Salem mulls new means of reading water meters
SALEM — The city Utilities Commission is looking at a new system for reading water meters from the safety of the water billing office, resulting in a time-savings and more accurate data for catching leaks or issues sooner.
During a presentation in a special meeting preceding the regular commission meeting Thursday afternoon, Ray Schwarz, Ohio Sales Manager for NECO Water, formerly known as Neptune Equipment Company, explained how the fixed-point system works, using data collectors or transmitters affixed to high points around the city, such as the Roosevelt water towers, to automatically collect water usage data from meters in homes and businesses and transmit that information to the water office every hour.

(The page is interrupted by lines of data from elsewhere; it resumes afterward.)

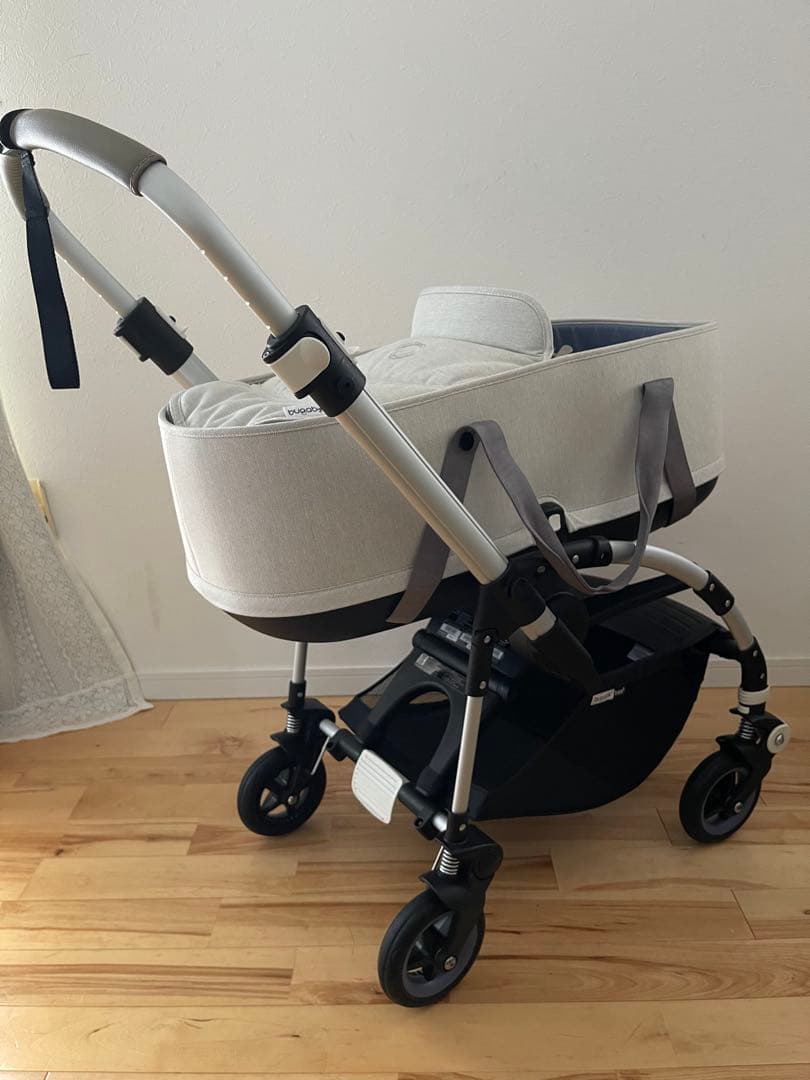 【綺麗】バガブー ビー5 別売りコット付き 限定カラー クリーニング済み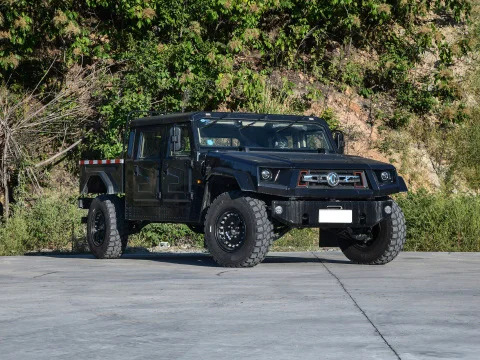 Dongfeng Warrior 6x6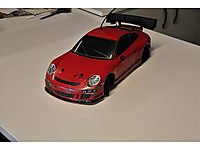 1X10 Hpi Sprint 2 Drift PORSHE 4X4 Uzaktan Kumandalı Araba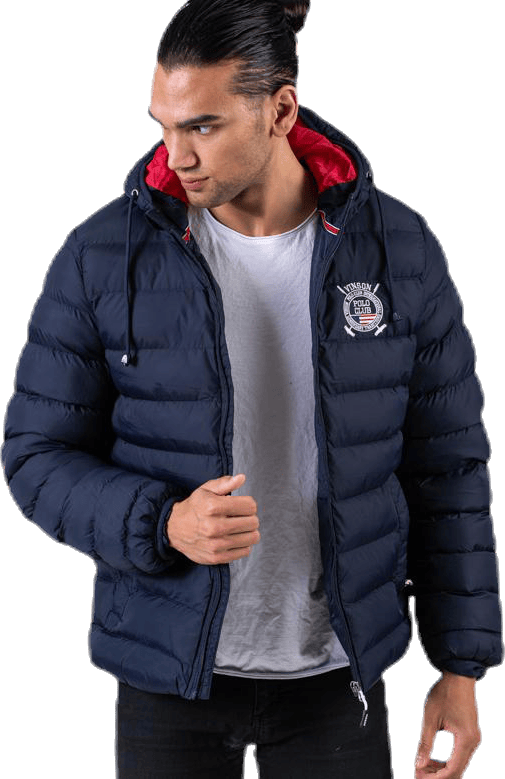 Hunk Jacket Blue - Bild 6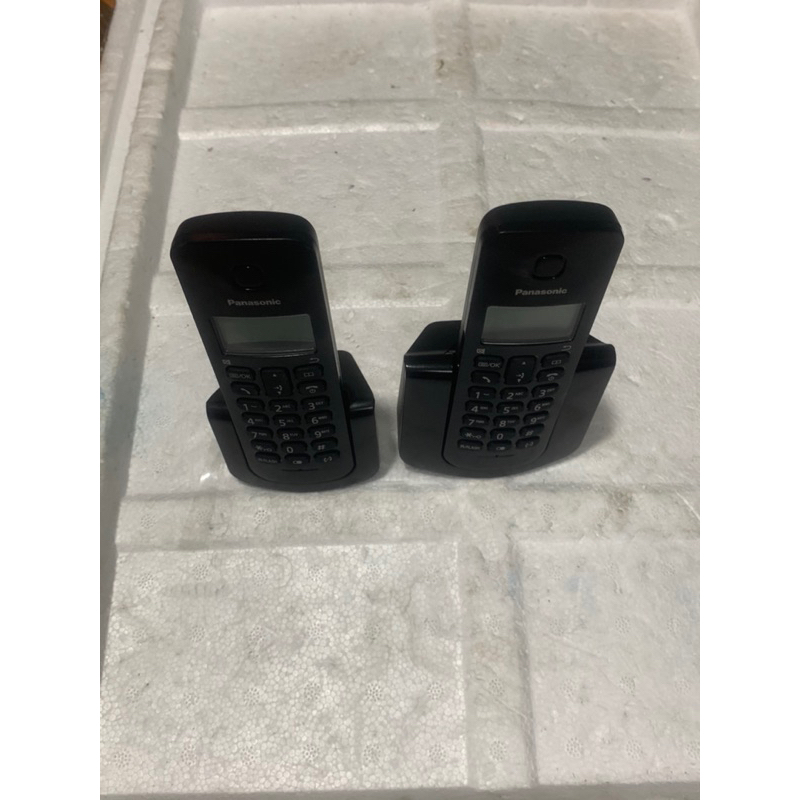 ĐIỆN THOẠI BÀN KHÔNG DÂY PANASONIC KX TGB110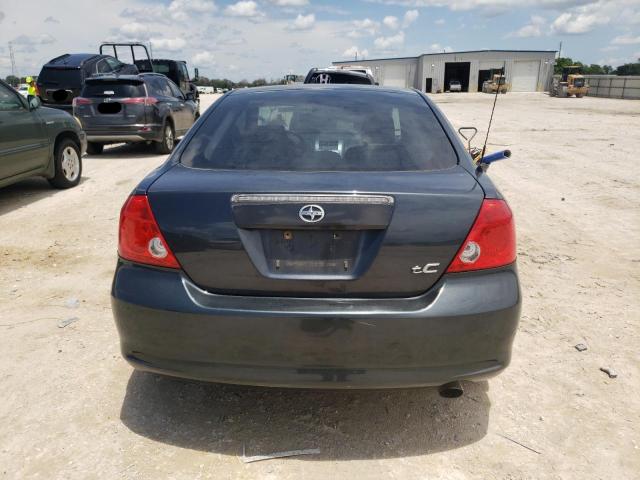 JTKDE177270171637 - 2007 TOYOTA SCION TC 灰色 照片 6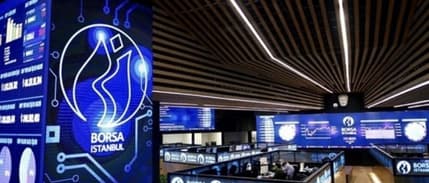BIST30 endeks kontratı haftaya yatay başladı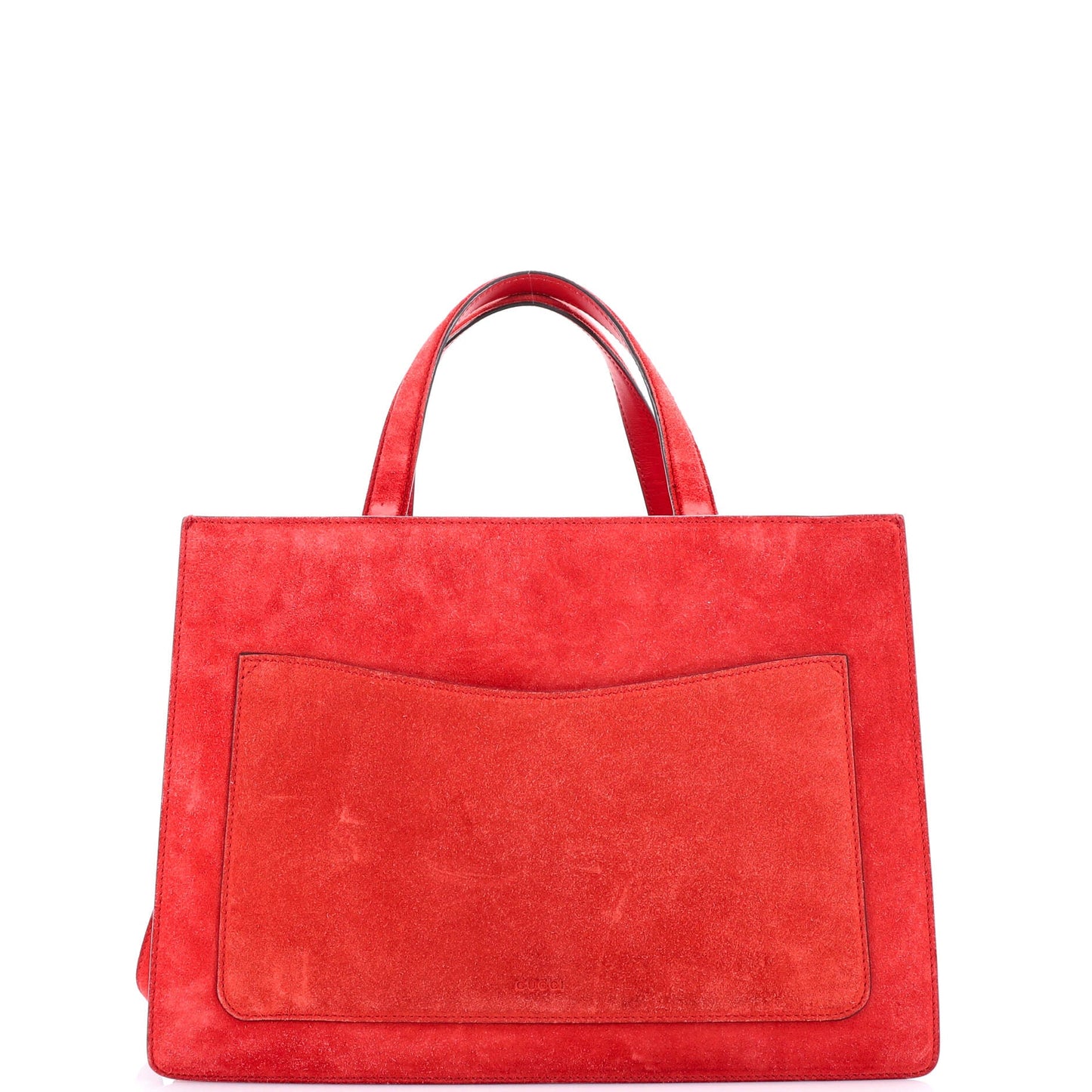 Dionysus Convertible Tote Suede Medium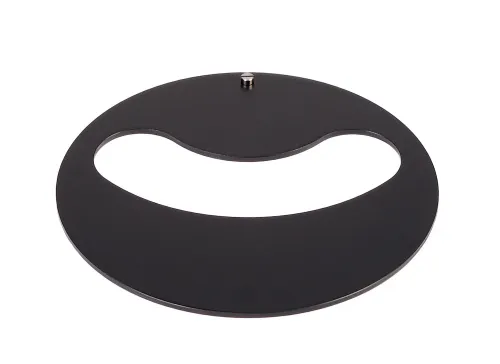 foto Kovová vložka stolku MAGUS MIT360 Bio V360 pro práci s kultivačními lahvičkami,  2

Currently, an employee of the water department drives around the city gathering the information from meters using a mobile radio frequency unit once a month, taking four days to cover the reading of meters in the city and Perry Township which accounts for 32 man hours and 150 miles per month.

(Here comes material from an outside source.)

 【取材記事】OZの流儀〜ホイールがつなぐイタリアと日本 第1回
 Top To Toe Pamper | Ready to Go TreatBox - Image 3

Under the fixed-point system being proposed, four Gateway radio frequency collector units would be placed around the city, one on the Stewart Road water tower, one on the Roosevelt Street water towers, one at the wastewater treatment plant and one on a tower or pole on the north end of town. The information would then be accessible at the water billing office through a wireless network, with the system software able to generate reports to identify possible leaks, excessive consumption and reverse flow, allowing water department personnel to take action immediately to contact the water user and determine the issue before it goes too long and results in a big bill.
The system would also allow for final readings for customers immediately instead of having to schedule a final reading and send personnel to the site. Schwarz said the system would also allow for customers to access their own information.
The plan is for Salem to incorporate the fixed-point system with the meters already in place, although about 900 older meters would need replaced with new ones. The cost for the system is about $110,000.
The only concern raised was with the new meters and the fact that the batteries are totally enclosed in the unit and can’t be replaced, although Schwarz did say the units and batteries are supposed to last an average of 18 to 20 years. Once done, the whole unit is done and must be replaced. The new meters are a little more expensive than the existing meters in use at $190 instead of $119, but new meters can also measure the water being used down to 1/100th of a gallon as opposed to within 50 gallons.
When asked for her thoughts, Sam Loper of the water billing office said the system would be very useful, especially for doing final readings from the office so a customer can get a final bill right away after selling a home or leaving. She also said the information from the reports will be helpful for catching leaks or noticing problems in vacant homes.
No decision was made, with commission Chair Bob Hodgson saying they’ll be reviewing the proposal.
In other business, the commission gave permission for Utilities Superintendent Don Weingart to seek authorization through the Utilities Committee of city council and then city council itself to seek bids for sludge disposal. The current contract with Agri-Sludge expires in February. The commission also heard updates on various projects, including Snyder Road sanitary sewer line, wastewater treatment plant Phase 2 upgrades, the fourth water well at Cold Run Creek and the water and sewer line replacements on Franklin.
General Foreman Terry Endsley of the distribution department said the Franklin Street project was ahead of schedule and going very well. The contractor did discover some type of brick vault underground which had to be demolished and then filled in, with the thought that it may have been some type of cistern from earlier days. The costs for the project will increase slightly due to that work, Weingart said.
The commission also gave permission to hire PMG Consulting to provide a scope of work at a cost of $12,185 for the excavation and replacement of two media filters at the water treatment plant. Commission member Randy Malmsberry asked if the company would do it in a timely manner, pointing to the fact that the commission is still waiting for the water plant system optimization study the company is doing. Weingart was told to check with both Burgess & Niple for a preliminary scope for water treatment plant improvements and to reach out to Alfred Benesch & Company, also.
The next commission meeting is set for 4 p.m. Aug. 15.